True to a historic, deep conflict and arguably the biggest rivalry in all of sports, Red Sox and Yankee fans at Conn come head to head – a commitment to diversity indeed! Native New Yorker yet Boston resident Blair West ’14 said that she finally felt safe enough in the Connecticut College environment to express her Yankee pride. However, the Boston fan base is noticeably heavier than the pinstriped portion.
But with most of Conn’s students coming from Massachusetts, Maura Hallisey ’13 pointed out that Conn’s campus isn’t an accurate representation of Connecticut. “Having lived in Connecticut, I can tell you it’s definitely really mixed. Where I’m from, central Connecticut is definitely Yankee territory.”
A few brave sports enthusiasts have attempted to draw the border of Red Sox Nation and Yankee Country. In 2006, New York Times sportswriter John Branch traveled across Connecticut to lay “baseball’s bitterest border.”

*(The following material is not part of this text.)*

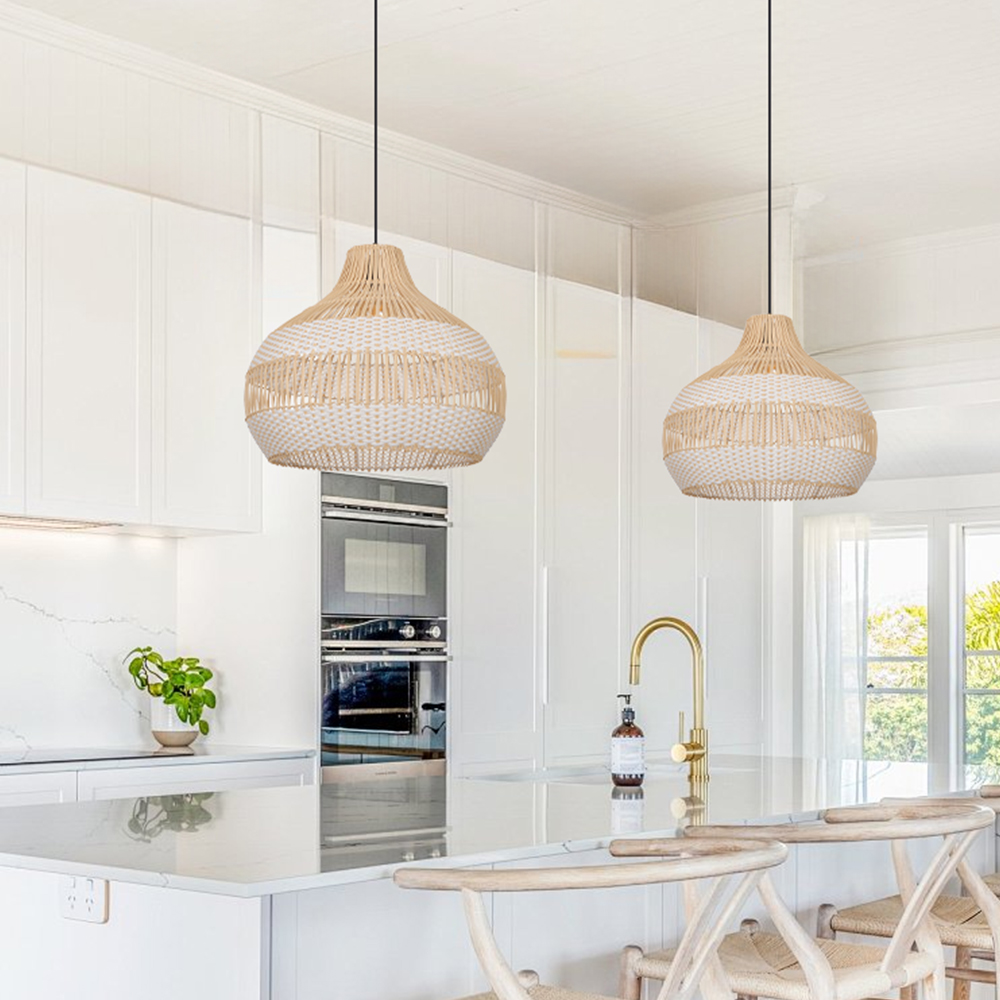 Boho Vintage Rattan Pendant Light Southeast Asian Woven Design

Putting to test the theory of supply and demand, Branch did a little investigating in the field of baseball hats at Connecticut malls. At the Connecticut Post Mall in Milford, almost forty different styles of Yankee caps were displayed on a wall, while the few Red Sox hats were nearly out of sight on the bottom sales racks. However, an hour away at the Crystal Mall – just five minutes from Conn in Waterford – the hat shop, Lids, sold predominantly Sox hats. Various attributes accounted for where loyalties laid in different towns Branch visited – in Middletown, it is the Italian-American generation that once rooted for Yogi Berra that sways this town into Yankee Country. In Rocky Hill, it is the number of team door magnets in the town’s post office that proved loyalty lay with the Sox. Branch concluded after touring New England that “there were no exact answers. Only debatable ones. As it should be.”
Although it looks as though the Red Sox Nation’s 2010 season may be coming to a close, their spirit will be carried through the offseason by their fans, no matter their proximity to Yankee Country. And although Yanks fans on campus are a definite minority, it is certain that they will stand their ground – foreign soil or not.
For all the Mets, Jets, Celtics, Knicks, Nets, Eagles and Phillies fans – your allegiances certainly play their own roles within the intricate story of Northeastern sports rivalries; however, there are only so many spotlights. We’ll see who shines in this year’s upcoming championships, all the while rooting passionately for the old home team.